In response to the rising debt path, the Treasury has put forward a plan to stabilize debt at 87.4 percent of GDP in 2023/24.The consolidation is to be achieved mainly through expenditure cuts, with the government proposing that a zero based approach to the budget will allow it to make those cuts without significantly undermining the developmental and social impact of the budget. The Treasury’s position is countered by calls for the government to not be too quick to reverse countercyclical fiscal policy until growth returns. The argument emphasizes that debt stabilization should not be the overriding concern as long as the cost of borrowing for South Africa remains relatively low.

All of this is taking place while the productivity of the economy (and government) declines; regulated prices increase the costs of living, business and work; economic regulation remains inefficient; and the balance sheet of state-owned enterprises deteriorates. Structural reforms to enable private sector investment and growth remain absent. Political conditions make it difficult to accept “losers” in the political economy and as a result budgets continue to be thinly spread across many priorities instead of where development opportunities are the greatest. Challenges in streamlining and aligning the wage bill with service delivery, and the deterioration of SOE balance sheets are not likely to significantly resolve. The capacity of the state (outside of a shrinking set of dedicated agencies) to implement large, complex and catalytic infrastructure or development orientated programmes appears to be continuing to decline. Governance, wastefulness and corruption remain significant constraints – possibly continuing to deteriorate.

How do we define fiscal sustainability in South Africa?
Is fiscal sustainability an inviolable priority for fiscal policy?
If fiscal sustainability is inviolable, how do we reconcile it with the short and medium-term demands of the economic collapse?

If fiscal policy is violable, how do we avoid fiscal and economic collapse over the medium to longer-term?
How does one achieve fiscal sustainability in this political economy environment?

In this session, Matthew will delve into what financing the budget deficit in the post-Corona world means. Unprecedented deficits and debt levels are both the result of structural and COVID crisis related factors.

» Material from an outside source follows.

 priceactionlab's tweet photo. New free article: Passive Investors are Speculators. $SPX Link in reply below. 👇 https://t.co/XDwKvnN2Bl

Financing the budget deficit over the next few years poses a challenge that we have not faced in the democratic era, and raises a number of questions and concerns about sustainability and macroeconomic impacts:

  • Are the public finances facing a financing crunch?
  • How can the financing requirement be met?
  • What are the opportunities and limits of QE by the SARB?
  • Will we need more funding from the IMF?
  • What will the role of QE in advanced countries be?

South Africa has a comparably large government sector, and the choices made about revenue, expenditure, the deficit and how money is spent will play a defining role in shaping how incomes and employment will grow. These fiscal-macro issues collide with micro-level issues such as implementation capacity, failing economic regulation, corruption, high costs of economic activity, and 13 years of load-shedding. All of this gets “baked” in a deeply political environment, where “winners” and “losers” trade behind often closed doors; and costs and benefits are often differently and opaquely defined. Key questions that will shape the session discussion include:

  • Is it a demand problem or a supply problem? Does it matter?
  • Why have large deficits and rising spending (real and as percent of GDP) not generated economic growth?
  • How should we balance consolidation against stimulus?
  • With so many opportunities for positive reform and so many decent contributions to what needs to be done, why is nothing happening?

Drawing on the discussions in the previous 3 sessions, session 4 will look at how all of this comes together. Guided by the objectives of growing national income and employment, the panel will discuss the shape of a fiscal policy that is credible, sustainable and supportive of economic recovery.